I've never been good at goodbyes. When I was little I would cry leaving my Grandparents house or if I didn't get to wave goodbye to my Dad when he left for work. I got better. But I would always, always cry when I knew it was a long term "goodbye" be it weeks, months, who knew how long or possibly forever. The end of a holiday or something I'd look forward too would make me said and I'd cry. I'd always cry when it came to going to uni for the next term and usually when it came to leaving my friends and carers at the end of term too.
Even if I was/am really pleased for the person I was saying goodbye too or looking forward to being left to stay with my Gran and Grandad or the next term at uni or whatever I'd be there crying saying "i'm really pleased for you" through my tears.
I remember when a really good friend of mine from uni left I was shocked that I got though the goodbye without crying - and so was my mum when I told her on the phone the next day. We've kept in touch and I knew we would. But it was a long time until I saw her again and I knew that as we said goodbye that day. But somehow I didn't cry.
I still find goodbyes hard though and cry at the tougher ones.

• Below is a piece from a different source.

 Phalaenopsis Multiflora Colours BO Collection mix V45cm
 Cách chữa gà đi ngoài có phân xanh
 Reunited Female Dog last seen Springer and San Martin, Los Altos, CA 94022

We had a presentation this afternoon to mark the leaving of a volunteer whose been involved in the swimming group for an astounding number of years. I knew he'd been there a long time but had no idea it was that long. He's been a great guy and he's involved in some other stuff I'm involved in (although I didn't know him before I joined the swimming group four years ago). He's done a lot for me and I will really miss him. So it was pretty emotional but I was hoping to make it through.

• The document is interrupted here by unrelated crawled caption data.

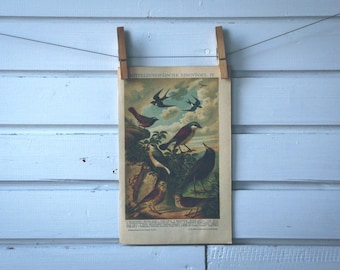 1908 Vintage Songbirds Chromolithograph Illustration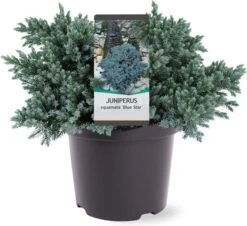 Jeneverbes (Juniperus Squamata 'Blue Star') D 23 H 30 Cm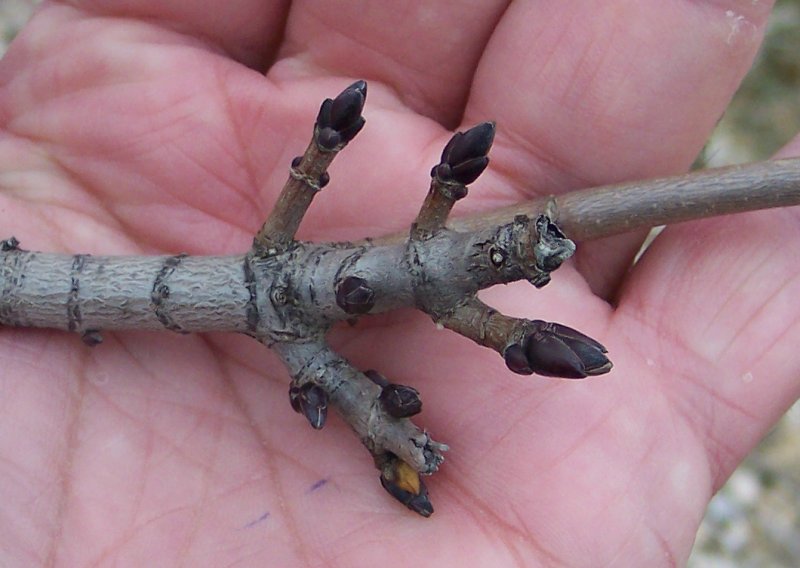 Bud of the Norway Maple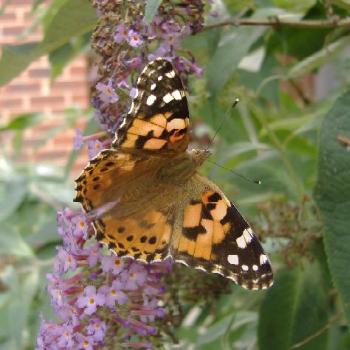 <b>Painted Lady Butterfly on Buddleia</b>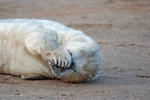 Atlantic Grey Seal
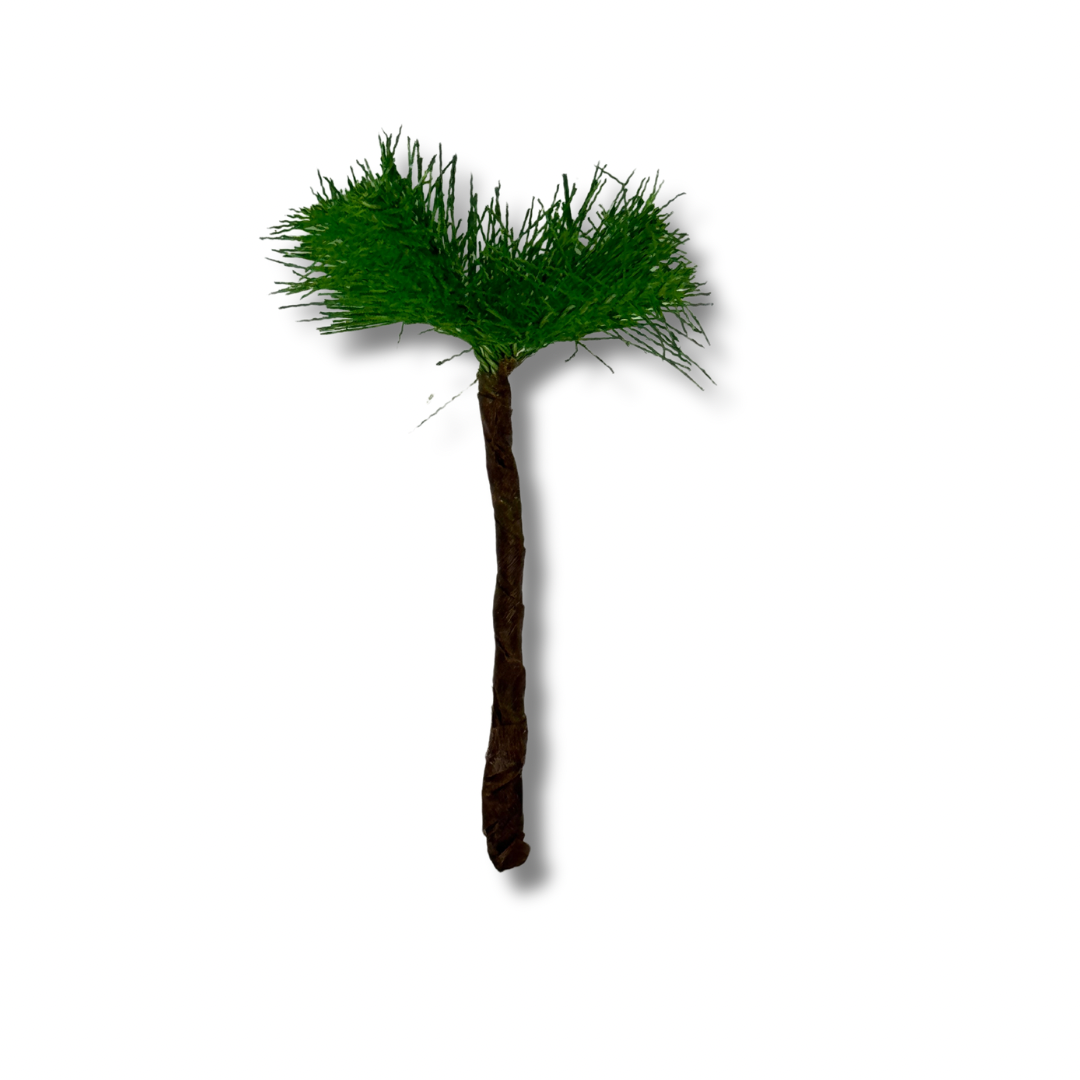 Palmera Coquera miniatura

But then I looked at him and he was looking a little emotional. And turned away to stop him setting me off. It didn't work. I turned and saw the person sat opposite me had eyes full of tears and was dabbing at her eyes wiping them away.

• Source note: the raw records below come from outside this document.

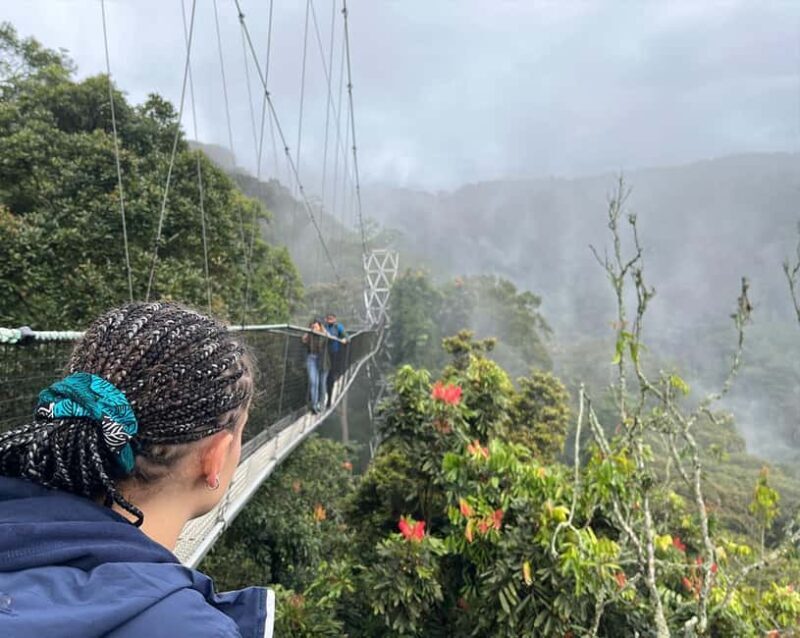 1 day: From Kigali, The canopy walk adventure at Nyungwe - Practical Tips for Your Day Trip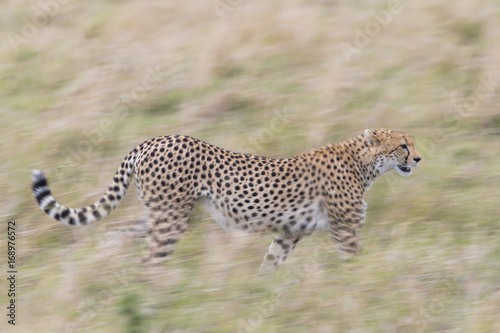 Gepard auf der Jagd 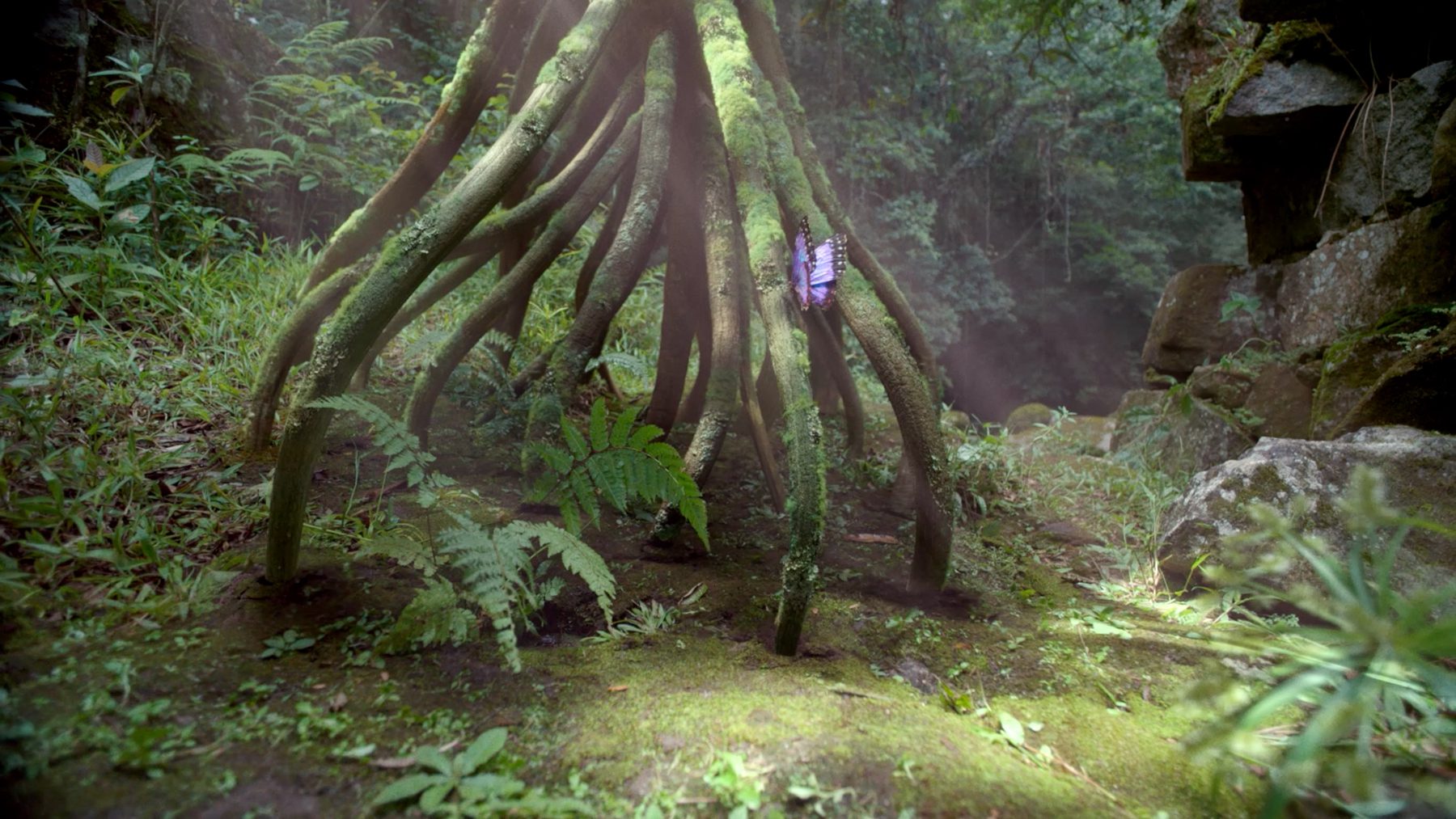 Still from "Changing Tree"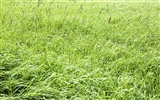 Green Grass обои (3) #19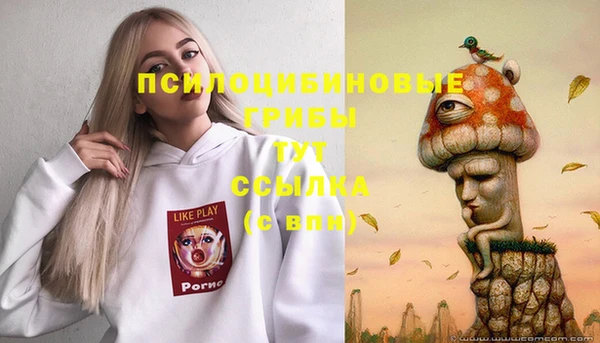 марки nbome Богородицк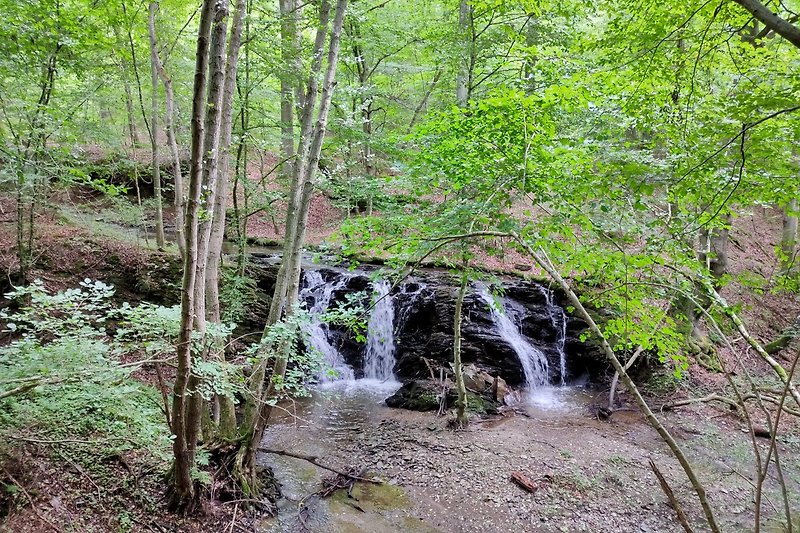 Ein idyllischer Wasserfall in einem Wald mit Fluss und Pflanzen.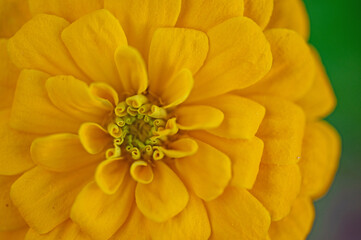 Fototapeta premium macro of a beautiful yellow Zinnia flower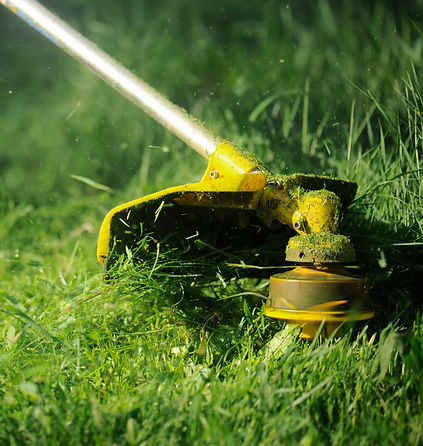 Lawnmower _edited.jpg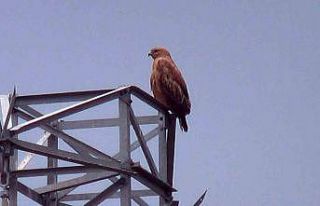 Iğdır’da Kızıl Şahin görüntülendi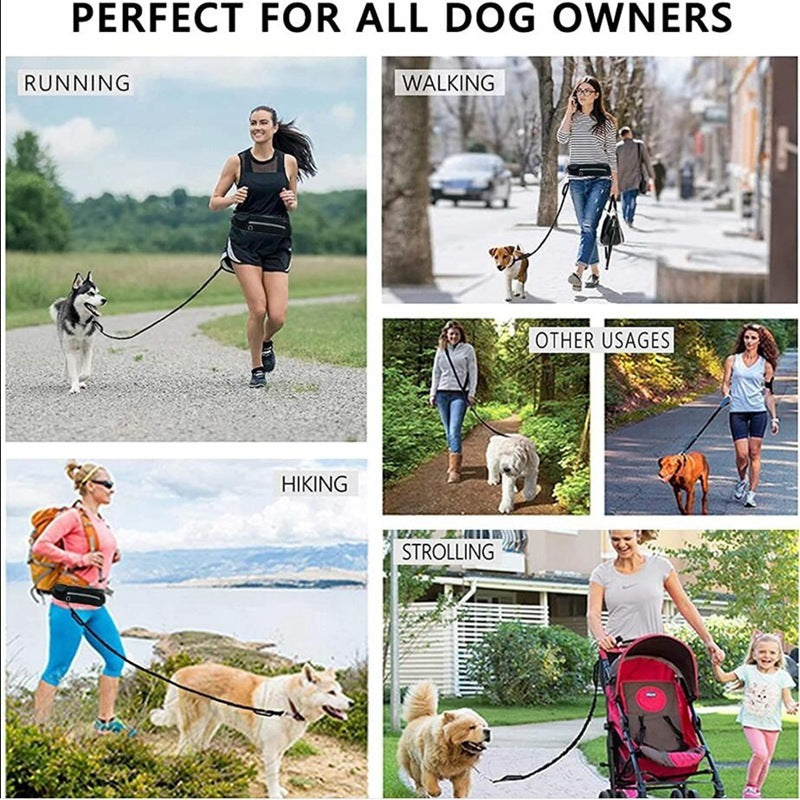 Laisse Mains Libres pour Chien – Ceinture de Marche avec Bungee Amortisseur et Poches de Rangement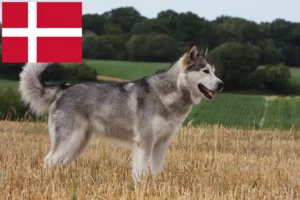 Read more about the article Alaskan Malamute Züchter und Welpen in Dänemark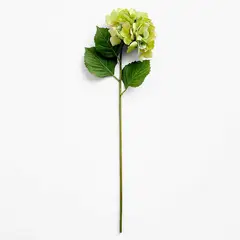 CRATE & BARREL - Rama artificial de hortensia verde 76cm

It became a very tearful goodbye for me after all. I was chatting to another friend whilst I was crying about how we will miss him etc and she hugged me and I calmed down. But then I went up to him as I was leaving I gave him a hug, thanked him for his help and told him how I appreciate it. I told him I will miss him. But all through I had tears streaming down my face.
And I'm still tearful now.
But, emotional though it is and all that jazz, I'm glad we had the chance to honour our friend and show him how much we appreciate and love him. Even if it took his leaving our group for us to do so.